How is it then that cameras and scanners offer users the capability to choose the pixel array dimensions for the image they obtain? To start with, as said in other words earlier, the imaging sub-system of the scanner or camera has certain physical attributes that fix a certain pixel array. When the number of pixels desired is different than the basic physical capability of the scanner or camera there are several methods that can be used to get the desired result. Two common methods are as follows: If the image desired is to have less pixels than the basic capability of the scanner or camera some of the data from the imaging device in the camera or scanner is ignored and not saved. If the desired image is to have more pixels than the basic capability of the camera or scanner a math algorithm is applied to the image data to add the extra pixels.
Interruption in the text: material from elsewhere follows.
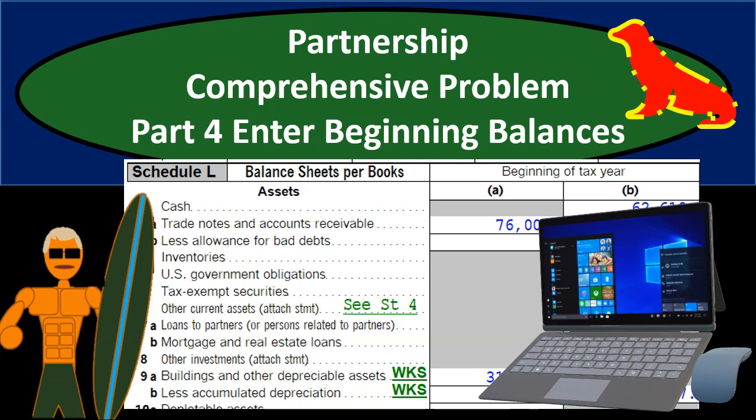In this presentation we will continue with part four of our partnership comprehensive problem, this time entering the beginning balances into our tax software. Note that when we're thinking about beginning balances, this might roll forward automatically if we're continuing with the same tax software. However, if we're putting information into new tax forms or new tax software, we have to deal with the beginning balances from the prior year.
In this case the algorithm looks at pixels near where it wants to put a new pixel and makes a "guess" as to the correct red, green, and blue values for the pixel being added.

Sorry, but there isn’t any magic here and the image data that’s being added didn’t exist in your original scene. The more pixels that are added the more obvious it becomes that the new pixels weren’t part of your original scene. So what can be learned from this? Use your digital scanner or camera at it’s basic capability. That way you get all the scene data it can give you. Save the images in that form and if your final desired image needs to be larger or smaller, make the changes in an image editor. You’ll have more control there over what is done and how it’s done and you’ll still have your original to go back to if something goes wrong.
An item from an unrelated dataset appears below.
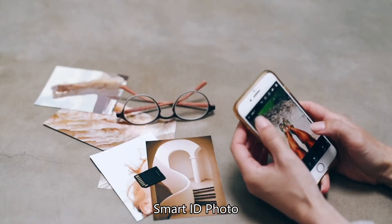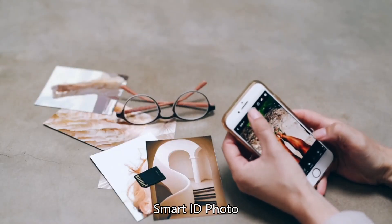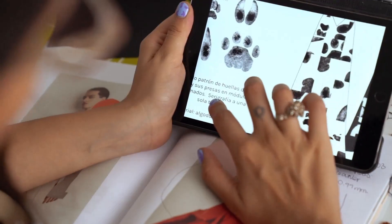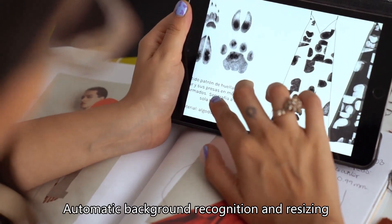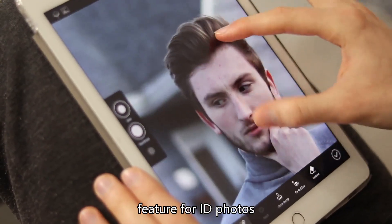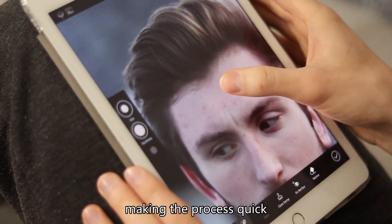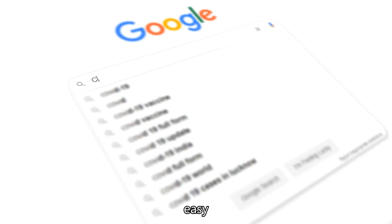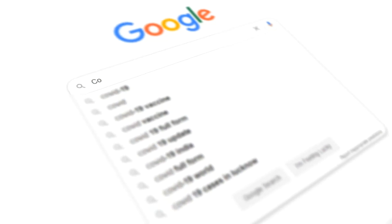5. Smart ID Photo — automatic background recognition and resizing feature for ID photos, making the process quick, easy, and professional.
Now there are always exceptions, but in general with a digital camera the basic capability of the camera is most often the maximum pixel array size the camera can produce. Camera’s usually offer "down sizes" so you can save space on your storage media such as flash cards. Scanners are usually the reverse. A scanner’s basic capability is usually the smallest pixel array size offered. This is often put in terms of the scanner’s "optical resolution".
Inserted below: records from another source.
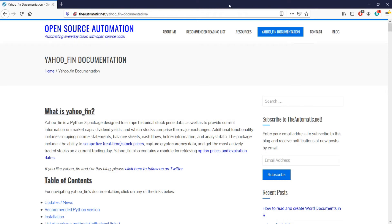Hi everyone, in this video we're going to be talking about how to use Python to download stock price information as well as other financial data from Yahoo Finance and we'll be doing that using a package called yahoofin.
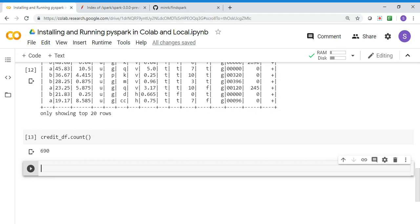When you go into the detailed session, you can either use this environment or there's another video on how to run it in the Databricks environment. You can check that video on how to get started on Databricks. You can use any of these environments to play around with the course content as part of this particular series. Thank you.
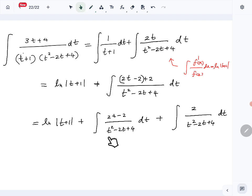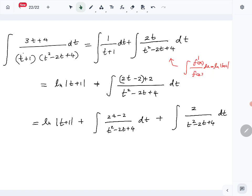For the first of these two integrals, we apply the f'(x)/f(x) formula and get ln|t squared minus 2t plus 4|. Combined with the earlier result, we now have ln|t plus 1| plus ln|t squared minus 2t plus 4|.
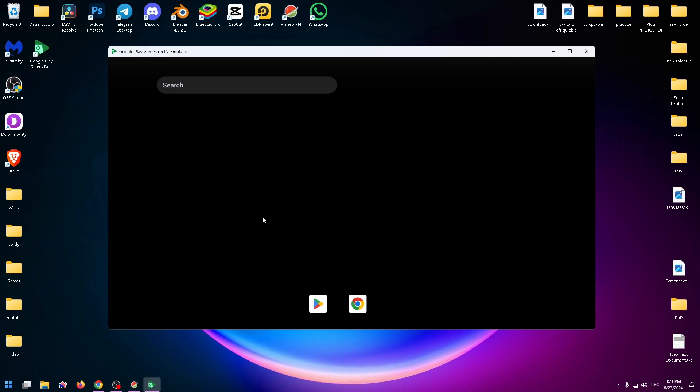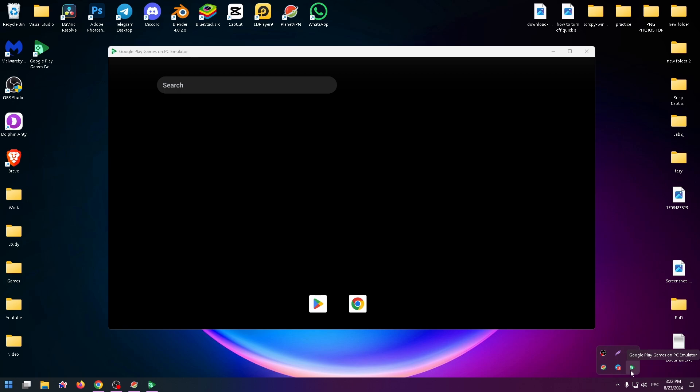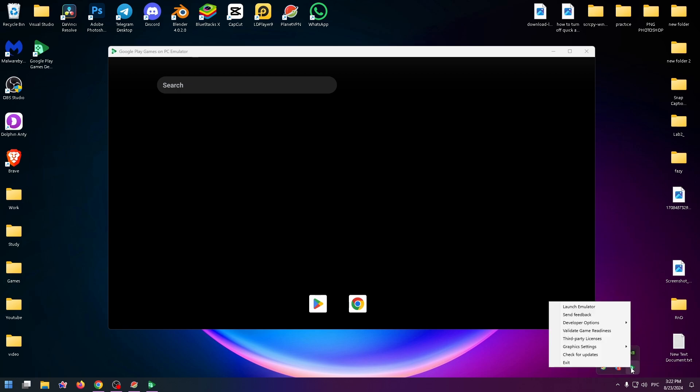To change the aspect ratio, you need to click on the arrow icon at the bottom right corner of the screen. Click right here and here you'll see the emulator's icon, so right click on it and now hover your mouse over developer options.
Each pixel in an image can only have one color value; that is one set of red, green, and blue values to represent it. So what happens if in a scene there is more that one color or tone in the area covered by a single pixel? The values for a given pixel are the average color and tone for the light coming from that point in the scene. Now I said point; that could lead you to believe that the pixels are always small so any errors in them are insignificant. Well, that depends on what you want to see in the scene and how much you may intend to enlarge a scene in hopes of seeing some part of it better.

The two images below are a gross demonstration of this point the image on the left shows how the scene will be viewed by the pixels in our, course, example digital imaging device. Each cell in the scene as bordered by the black lines is one pixel. The image on the right shows how the pixels would be recorded as the average value of everything in a given pixel’s area. As you can see there is potential for serious image data loss.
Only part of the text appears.